Your Crow server is now running and accessible via Tailscale. Connect it from any AI platform:

• Claude Web & Mobile — http://crow:3001/memory/mcp
• ChatGPT — http://crow:3001/memory/sse
• Gemini — http://crow:3001/memory/mcp
• Claude Code — http://crow:3001/memory/mcp
• All platforms

Visit http://crow:3001/setup from a device on your Tailscale network to see integration status and endpoint URLs.

Try it out

After connecting your AI platform, say:

"Remember that today is my first day using Crow" "What do you remember?"
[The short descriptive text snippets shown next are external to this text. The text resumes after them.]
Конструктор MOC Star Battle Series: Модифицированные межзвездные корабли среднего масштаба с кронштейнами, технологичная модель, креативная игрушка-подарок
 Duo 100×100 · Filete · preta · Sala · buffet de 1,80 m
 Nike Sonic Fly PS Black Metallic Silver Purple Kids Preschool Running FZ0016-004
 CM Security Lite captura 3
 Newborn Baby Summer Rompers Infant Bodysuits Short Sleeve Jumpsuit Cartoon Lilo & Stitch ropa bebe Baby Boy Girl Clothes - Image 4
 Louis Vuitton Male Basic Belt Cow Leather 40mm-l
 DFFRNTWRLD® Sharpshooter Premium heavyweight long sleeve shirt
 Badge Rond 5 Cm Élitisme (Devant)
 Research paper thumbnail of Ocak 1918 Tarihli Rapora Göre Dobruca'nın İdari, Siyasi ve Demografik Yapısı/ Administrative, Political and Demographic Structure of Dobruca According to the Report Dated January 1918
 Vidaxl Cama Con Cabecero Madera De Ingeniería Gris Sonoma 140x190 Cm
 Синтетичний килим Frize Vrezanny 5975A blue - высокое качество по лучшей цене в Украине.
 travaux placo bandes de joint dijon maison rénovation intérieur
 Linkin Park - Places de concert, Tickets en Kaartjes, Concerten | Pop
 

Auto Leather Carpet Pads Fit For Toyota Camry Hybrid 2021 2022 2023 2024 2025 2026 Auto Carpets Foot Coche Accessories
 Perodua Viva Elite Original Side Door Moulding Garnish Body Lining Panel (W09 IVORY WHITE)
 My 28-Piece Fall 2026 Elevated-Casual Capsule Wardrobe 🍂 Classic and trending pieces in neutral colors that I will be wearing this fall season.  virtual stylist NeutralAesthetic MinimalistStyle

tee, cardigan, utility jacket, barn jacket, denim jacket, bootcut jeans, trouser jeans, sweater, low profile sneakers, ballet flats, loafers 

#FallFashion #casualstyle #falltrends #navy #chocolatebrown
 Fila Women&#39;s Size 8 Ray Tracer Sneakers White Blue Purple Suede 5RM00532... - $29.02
Optional: Make Your Blog Public

By default, everything is private behind Tailscale. If you want your blog accessible from the public internet, you have two options:

Option A: Tailscale Funnel (no domain needed)

The simplest way — Tailscale serves your blog through their infrastructure.

# Enable Funnel in your Tailscale admin console first:
# https://login.tailscale.com/admin/dns → Enable Funnel

tailscale funnel --bg --https=443 http://localhost:3001

Your blog is now at https://crow.your-tailnet.ts.net/blog. The Crow's Nest remains private — public visitors only see the blog.

Option B: Caddy + Custom Domain

For a professional URL like blog.yourdomain.com:

# Install Caddy
sudo apt install -y debian-keyring debian-archive-keyring apt-transport-https
curl -1sLf 'https://dl.cloudsmith.io/public/caddy/stable/gpg.key' | sudo gpg --dearmor -o /usr/share/keyrings/caddy-stable-archive-keyring.gpg
curl -1sLf 'https://dl.cloudsmith.io/public/caddy/stable/debian.deb.txt' | sudo tee /etc/apt/sources.list.d/caddy-stable.list
sudo apt update
sudo apt install caddy

# Configure reverse proxy
sudo tee /etc/caddy/Caddyfile > /dev/null << 'EOF'
blog.yourdomain.com {
    reverse_proxy localhost:3001
}
EOF

sudo systemctl restart caddy

Point your domain's DNS A record to your Oracle instance's public IP. Caddy automatically provisions Let's Encrypt certificates.

Set the public URL in your .env:

echo 'CROW_GATEWAY_URL=https://blog.yourdomain.com' >> ~/.crow/app/.env
sudo systemctl restart crow-gateway

What to Do If Compromised

If you suspect unauthorized access:

1. Rotate SSH keys — generate a new key pair and update ~/.ssh/authorized_keys
2. Check login attempts — sudo grep "Failed password" /var/log/auth.log | tail -20
3. Check active sessions — who and last to see logged-in users
4. Review crontabs — crontab -l and sudo crontab -l for unexpected scheduled tasks
5. Re-image if needed — Oracle lets you terminate and recreate instances. Your Crow data can be restored from a backup (npm run backup / npm run restore).